_Prompt_:
For the records that follow, please set down exactly the lines between the one holding "Fototapeta premium Pampas" and the one holding "Shih Tzu dogs for sale: Neal - Ad 1", inclusive, and only those.

_Available data_:
■ ■ ■ ■ ■ ■ ■
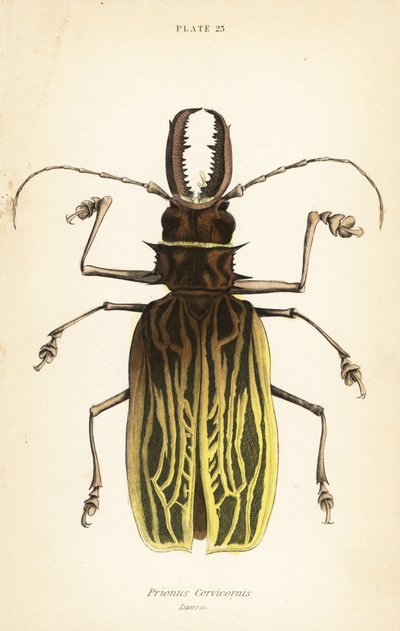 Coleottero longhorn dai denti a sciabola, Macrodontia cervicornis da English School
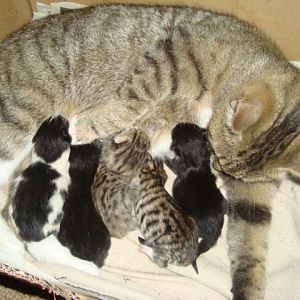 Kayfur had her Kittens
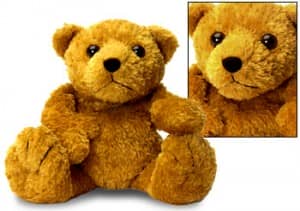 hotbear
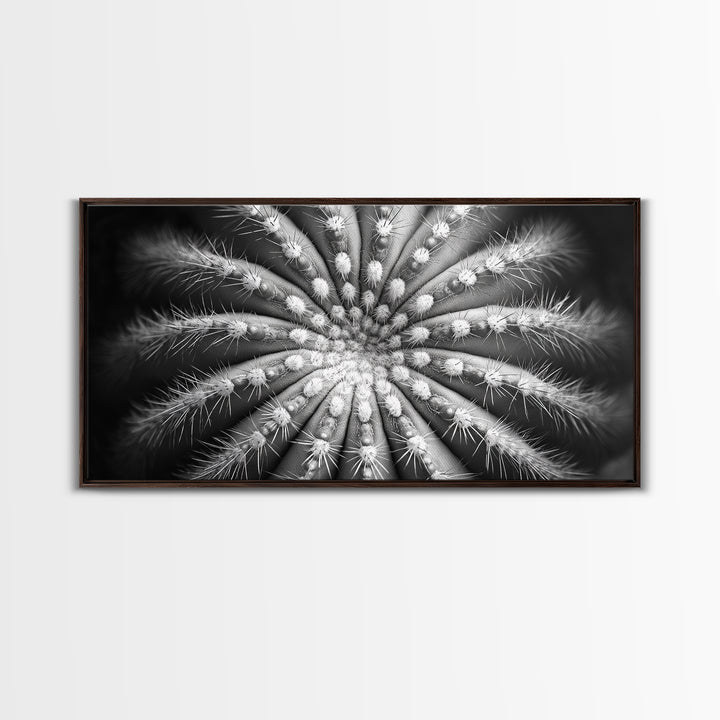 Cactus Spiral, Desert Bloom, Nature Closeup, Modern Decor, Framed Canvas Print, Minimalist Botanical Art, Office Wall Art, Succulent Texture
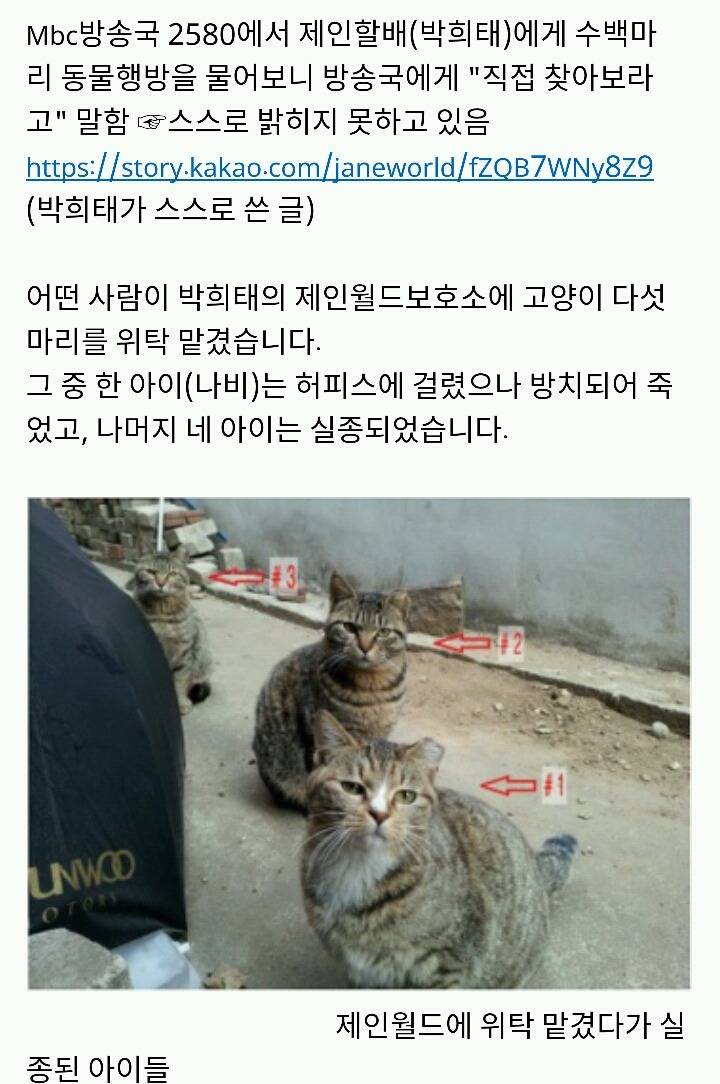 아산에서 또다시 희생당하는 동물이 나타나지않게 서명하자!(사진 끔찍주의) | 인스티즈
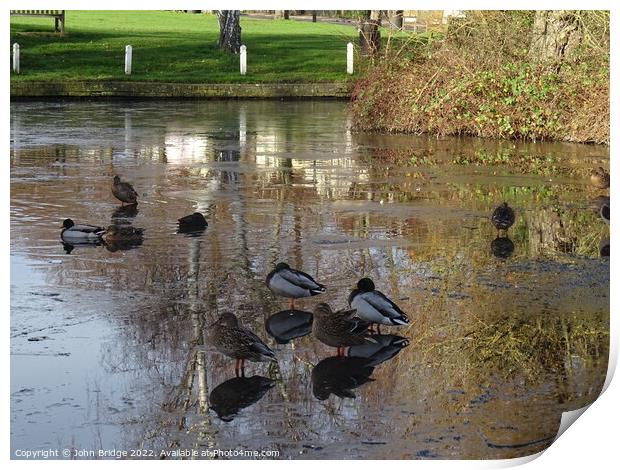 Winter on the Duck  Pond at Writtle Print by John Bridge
■ ■ ■ ■ ■ ■ ■
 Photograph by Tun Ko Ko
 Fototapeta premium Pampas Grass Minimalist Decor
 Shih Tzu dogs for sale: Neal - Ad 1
■ ■ ■ ■ ■ ■ ■
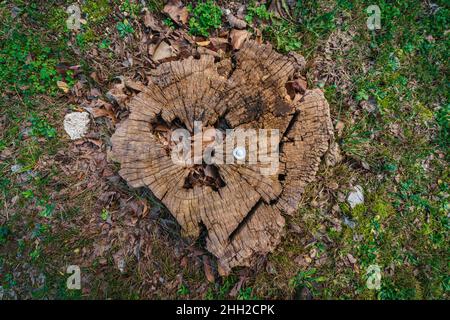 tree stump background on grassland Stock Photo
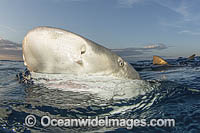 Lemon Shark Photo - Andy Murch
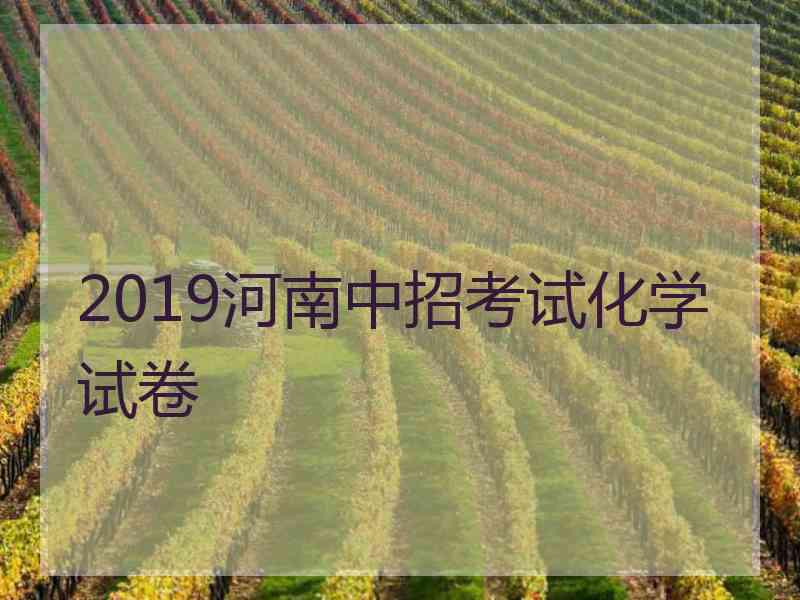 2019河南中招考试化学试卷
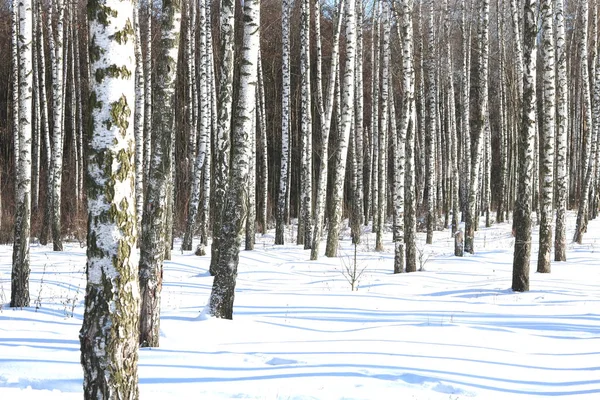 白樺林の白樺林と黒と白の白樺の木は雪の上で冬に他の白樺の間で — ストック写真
■ ■ ■ ■ ■ ■ ■
_Response box_:
 Fototapeta premium Pampas Grass Minimalist Decor
 Shih Tzu dogs for sale: Neal - Ad 1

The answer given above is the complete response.